Rodin l’Indignat, l’Occitan inattendu


New-York, fin de journée. Au 22ème étage d’un building, un homme, peut-être employé de banque attend qu’on vienne le chercher. Dans une télé, des images de manifestations défilent. Ce sont des Indignés : Indignats, le nouveau clip de Rodín, diffusé sur internet depuis le 11 septembre dernier.

Dès les premières secondes on s’attend à tout sauf à entendre un flow d’occitan se déverser entre du dubstep et du trapstep, dérivatifs électros du hip-hop. Le pari est très osé, risqué même.

© Corentin Laborde

Dans ce clip, le chanteur occitan Rodín  vient se frotter au rappeur new-yorkais Shon. « On échange nos paroles dans le refrain. Ce qu’il dit, c’est ce que je dis et inversement » précise Rodin. Et ce qu’ils disent à tour de rôle n’est autre que la dénonciation d’un système capitaliste à bout de souffle, qui fait se lever des Indignats à travers le monde mais qui revient toujours à son point de départ et continue ses ravages. « Le clip est une parabole du capitalisme. Dans la trame narrative, l’homme détaché de toute interaction avec l’être humain est malade, il vomit. Dans le gros quatre-quatre qui l’emmène à travers les rues de New-York, même les call-girls qu’il fait monter n’ont aucune prise sur lui. Il vomit encore. Et revient finalement à son point de départ » résume Rodín. « Le clip est très engagé et j’ai voulu utiliser l’esthétique de l’univers de la consommation, avec tous les symboles américains qui vont avec pour parler de l’exact opposé ». Aux antipodes des rappeurs américains bling-bling « de droite » comme l’indique Rodín, son co-équipier Shon est la preuve qu’il y a encore un discours conscient et engagé dans ce milieu musical. Double tour de force mené par Rodin qui a convaincu Shon de participer au single et de tourner ce clip à New-York : « J’ai grandi en écoutant de la musique américaine bien avant d’écouter de la musique occitane. Avant de chanter en oc, je faisais déjà du rap en français. Mais pour moi c’est un pas énorme que d’avoir réussi à produire ce clip. Je voulais aller au bout d’un parti pris et je voulais le faire méticuleusement ». Avec finesse et puissance, ce single est simplement unique et totalement inattendu de la part d’un artiste occitan. Et il ne s’agit là que d’un avant-goût.

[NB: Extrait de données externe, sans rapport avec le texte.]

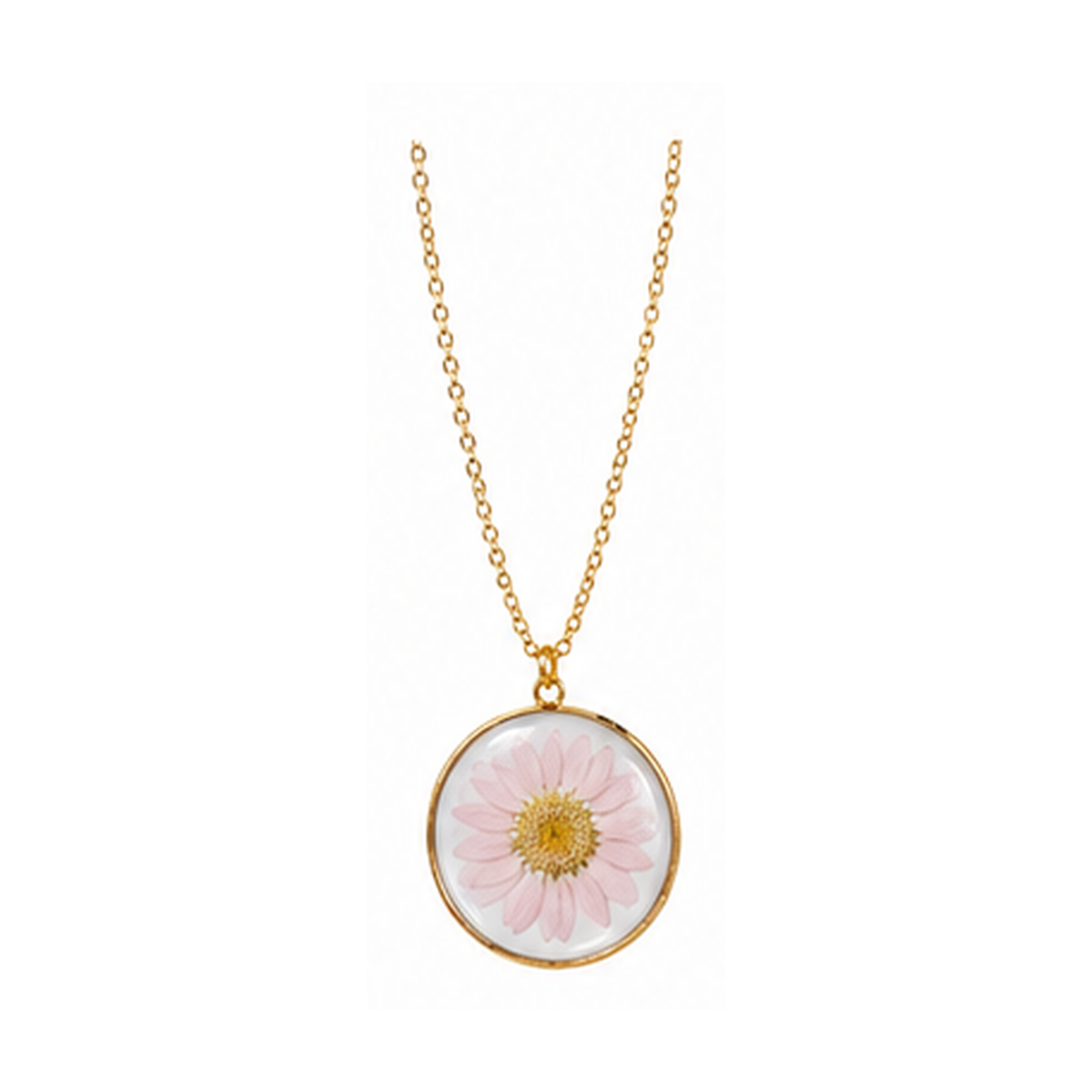 Blütenmedaillon-Kette – Rosé-Margerite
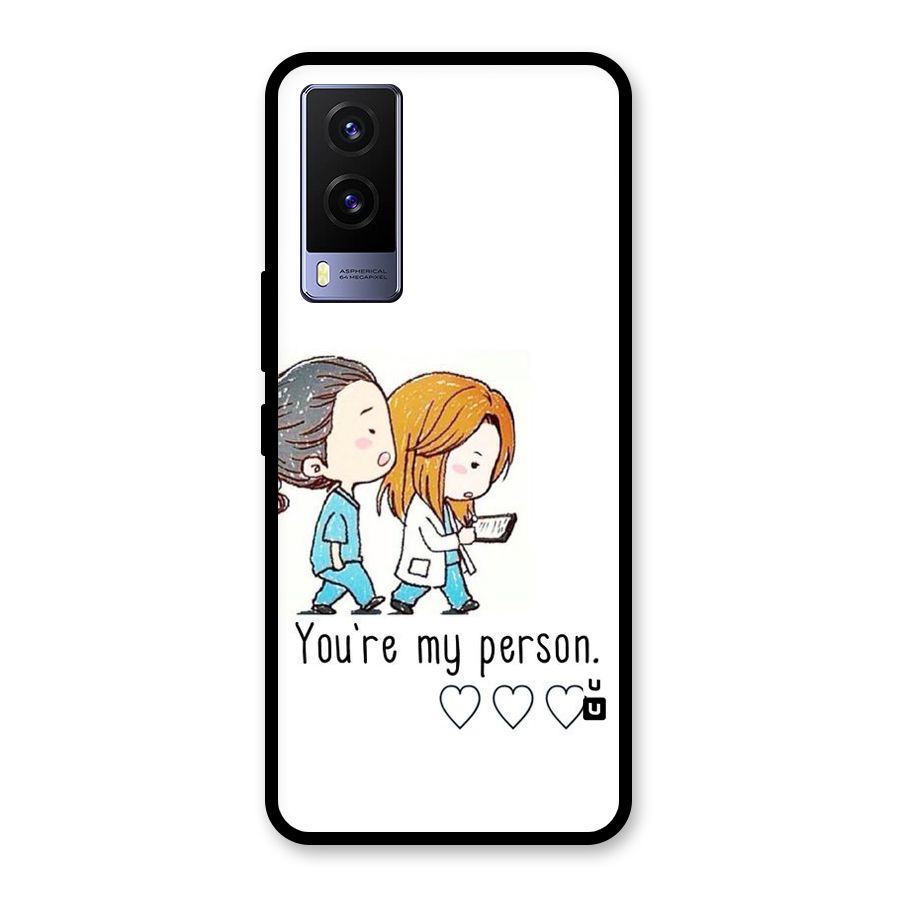 Two Friends In Coat Glass Back Case for Vivo V21e 5G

Rodin n’a probablement pas fini de nous surprendre puisque son album « Pantais Clus » devrait sortir dans le courant de l’année prochaine. Une trentaine de personnes collaborent à ce futur opus que Rodín définit « autant comme un objet poétique qu’un album concept des années 70 ». Seule certitude, ce sera en occitan. « Chanter dans cette langue, c’est une évidence. Je ne l’imagine pas autrement, ça ne se négocie pas ».